ST’nin motorunun hava girişi ve egzoz manifoldu çok sıkıştırılmış durumda ve bu noktalara yapılan küçük müdahalelerle beklediğinizden daha çok güç elde etmek mümkün. Buradaki gibi K&N 57i hava filtresi kiti ve komple egzoz sistemi motorun gücünü 160 bg civarına çıkarmak için yeterli oluyor. Daha yüksek güç içinde Milltek üretimi headers tercih edebilir ya da yazılım kullanabilirsiniz. İngiltere’de ST’ler için Mountune firmasının iki farklı güç kiti var: 165 ve 185 bg.

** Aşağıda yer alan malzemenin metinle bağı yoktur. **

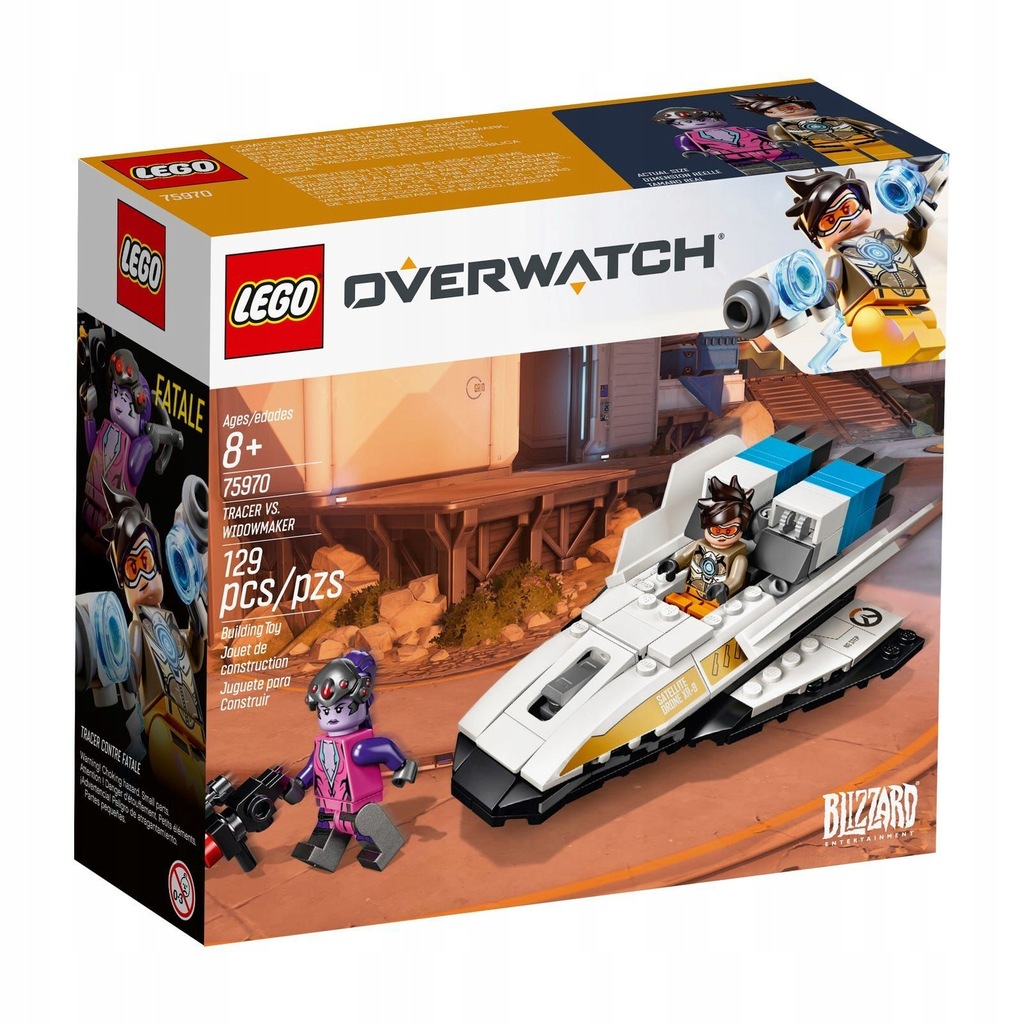 LEGO Overwatch 75970 Smuga vs Trupia Wdowa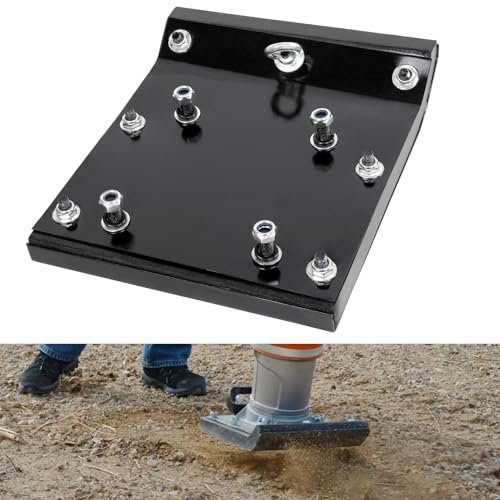 11 Wood Shoe Kit, Fits for Multiquip Mikasa MTX70 MTX80 MTX90 Jumping Jack Compactor Rammer Plate, Replace 362910130 366910020 8511S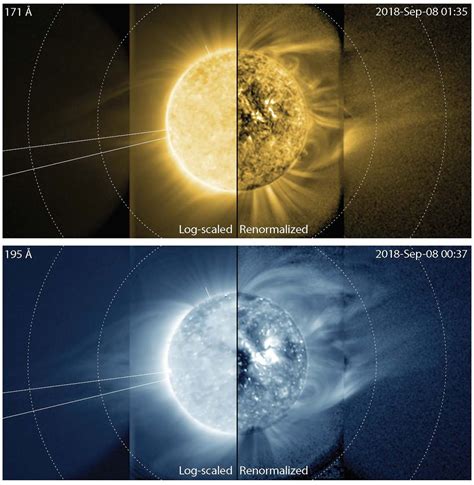 Scientists' 1st-ever view of sun's middle corona could sharpen space weather forecasts | Space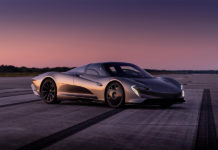 McLaren Speedtail Electric Drive Battery Technology
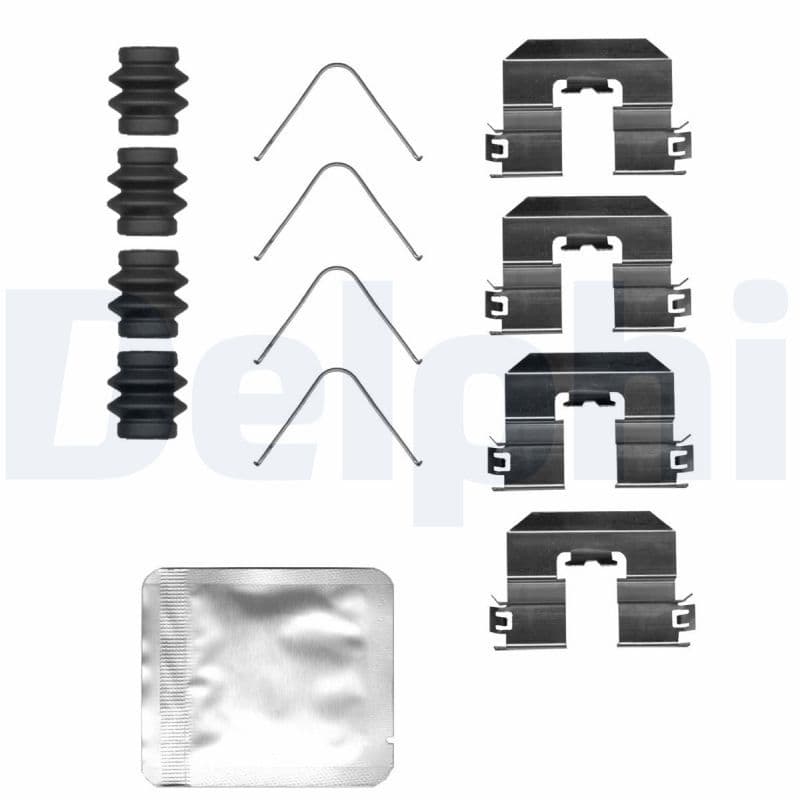 Accessory Kit, disc brake pad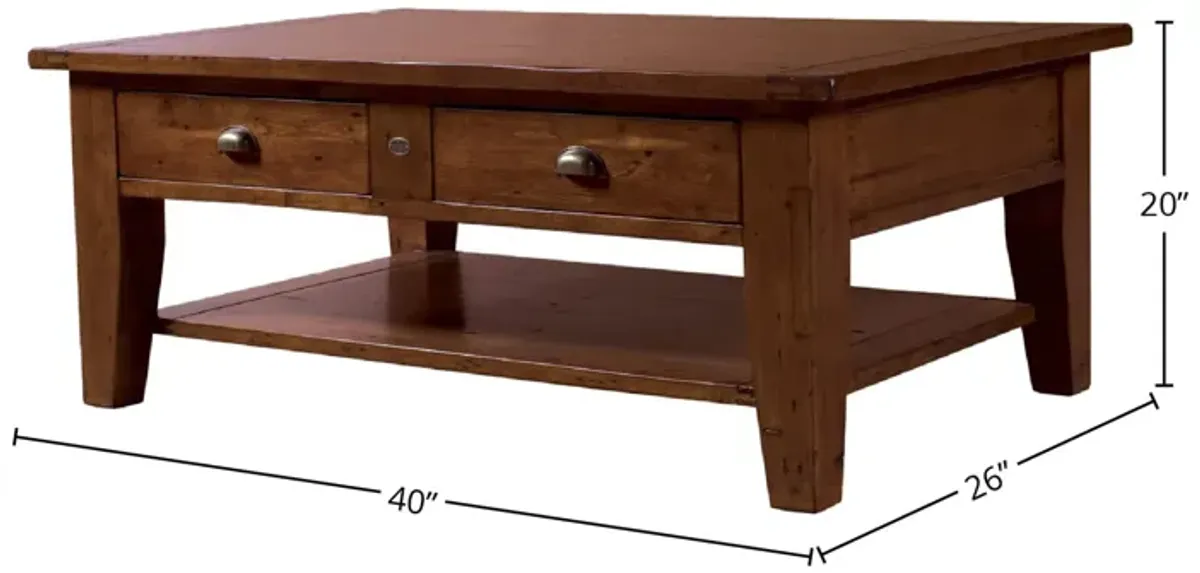 Irish Coast Small Coffee Table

Ama bunların uygulama fiyatları oldukça yüksek.
Fiesta ST’nin motor gücü düşük olsa da hafif gövdesi ve kısa vites oranlarıyla bunun önüne geçiyor ve yüksek yol tutuşuyla çok keyifli bir karakter sunuyor. ST ile birçok rakibinizi pistlerde geçebilir, yola zamk gibi yapışan lastikleriyle arkadan kayarak müthiş eğlenebilirsiniz. Rakipleri bunun gibi dinamik özelliklerden yoksunlar.
Sadece bundan dolayı bir ST ile tanışmanızı öneririm. Hisli yapısı ve 90’lı yılların GTI’larına benzeyen karakteriyle birçok modern hızlı hatchback’ten daha keyifli hissedeceğinize emin olabilirsiniz.